Charlottesville, Virginia 

This year marks the 25th anniversary of the fall of the Berlin Wall. Earlier this year, four panels from the wall were installed on the grounds of the University of Virginia where they will be on display for  more than a year. The sections of the wall are on on the UVa grounds adjacent to the Alderman Library, where my wife took these pictures with her camera phone. The accompanying sign reads:

"In 1990, Robert Hefner, sensing the long-term magnitude of human change and historical enormity of the people of East and West Germany tearing down the Berlin Wall, sent a representative to Berlin to negotiate for a substantial section of the Wall. He believed a portion of the wall would be an icon of the 'power of personal freedom.' Hefner secured four complete panels of the Wall, measuring sixteen feet in length and twelve feet tall, containing two murals by the graffiti artist Dennis Kaun. Painted on the West German side are two kings: a brightly colored, joyful king, representing freedom, and a largely colorless, blindfolded king, oblivious to the needs and wishes of the people. The East German side remains dull gray cement. Hefner believes these two sides, the colorful, lively West German side and the gray East German side, artistically represent the character of freedom and enslavement.

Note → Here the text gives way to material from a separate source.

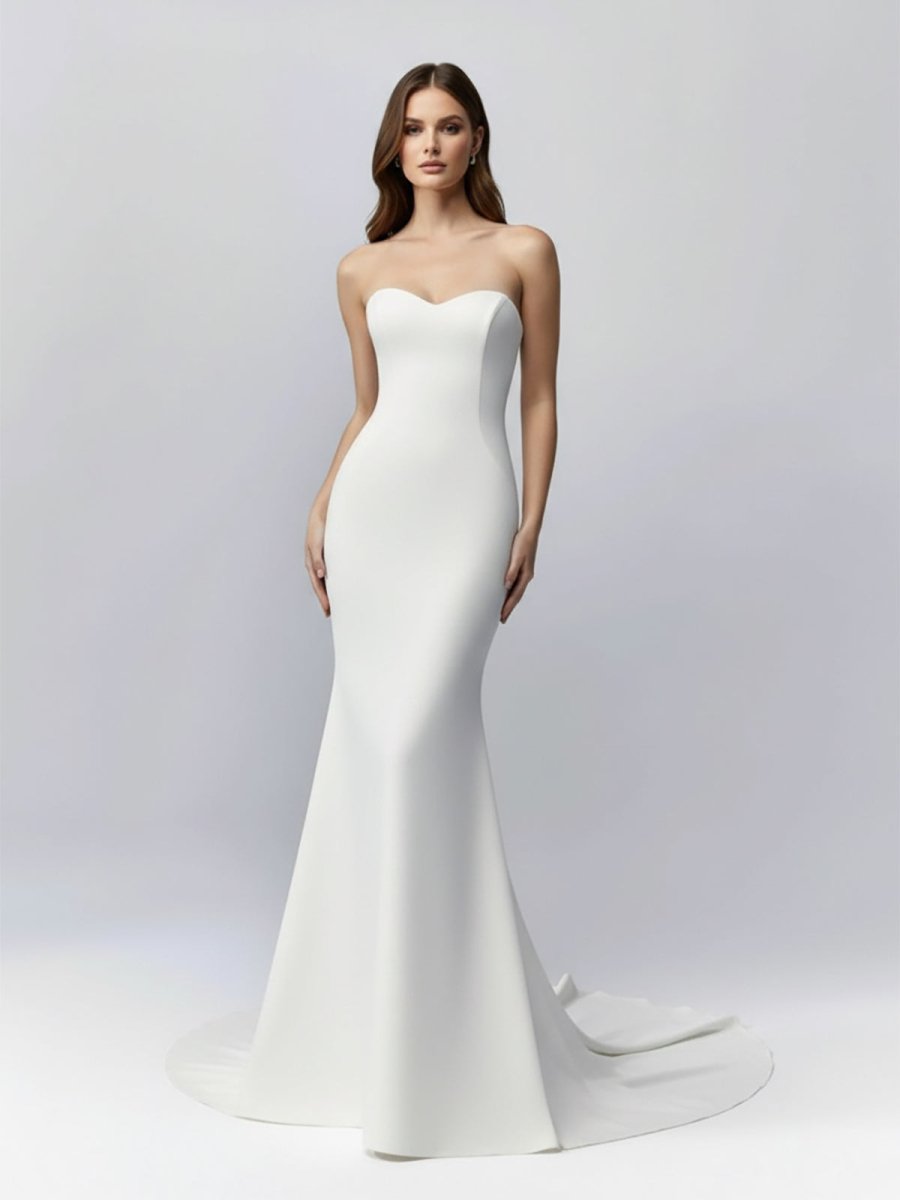 Jolie | White Simple Sweep Train Boho Long Mermaid Wedding Dress - KissProm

"As Hefner says, these pieces of the Wall are a great monument to the 'power of personal freedom.' When Ronald Reagan was President of the United States, he went to Berlin in 1987 and demanded, 'Mr. Gorbachev, tear down this Wall," yet neither Reagan nor Soviet president Mikhail Gorbachev, the world's most powerful leaders, could make that happen. Instead, it was the people, exercising their free will and 'power of personal freedom,' which could and did tear down the wall and usher in a period of momentous human change with political implications still with us today.

"West German graffiti artist Dennis Kaun created his Pop Art murals on the west side of the Berlin Wall using spray paint instead of brushes. Working quickly and under the cover of the night, as it was illegal to paint on the Wall, he and an assistant took six hours over two sessions to create the murals he entitled 'Kings of Freedom." Over a period of years, Dennis Kaun became known for the unique art he created on the Berlin Wall."


The East German side of the Berlin Wall.